Task - Return only that part of the material below which starts with the line containing "full bath featuring" and goes on through the line containing "Inviting outdoor space", restated exactly.

Supplied entries -

------------------------------------------------

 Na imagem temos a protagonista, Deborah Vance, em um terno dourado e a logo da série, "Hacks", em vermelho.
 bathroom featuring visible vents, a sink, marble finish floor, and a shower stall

------------------------------------------------

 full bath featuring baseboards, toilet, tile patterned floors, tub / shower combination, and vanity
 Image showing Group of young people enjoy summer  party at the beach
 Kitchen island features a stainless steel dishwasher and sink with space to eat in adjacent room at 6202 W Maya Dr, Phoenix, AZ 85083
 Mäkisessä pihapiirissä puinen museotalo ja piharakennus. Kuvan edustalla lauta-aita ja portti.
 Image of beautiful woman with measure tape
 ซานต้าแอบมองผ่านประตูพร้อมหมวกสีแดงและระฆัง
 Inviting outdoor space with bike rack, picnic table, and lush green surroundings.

------------------------------------------------

Task result -
 full bath featuring baseboards, toilet, tile patterned floors, tub / shower combination, and vanity
 Image showing Group of young people enjoy summer  party at the beach
 Kitchen island features a stainless steel dishwasher and sink with space to eat in adjacent room at 6202 W Maya Dr, Phoenix, AZ 85083
 Mäkisessä pihapiirissä puinen museotalo ja piharakennus. Kuvan edustalla lauta-aita ja portti.
 Image of beautiful woman with measure tape
 ซานต้าแอบมองผ่านประตูพร้อมหมวกสีแดงและระฆัง
 Inviting outdoor space with bike rack, picnic table, and lush green surroundings.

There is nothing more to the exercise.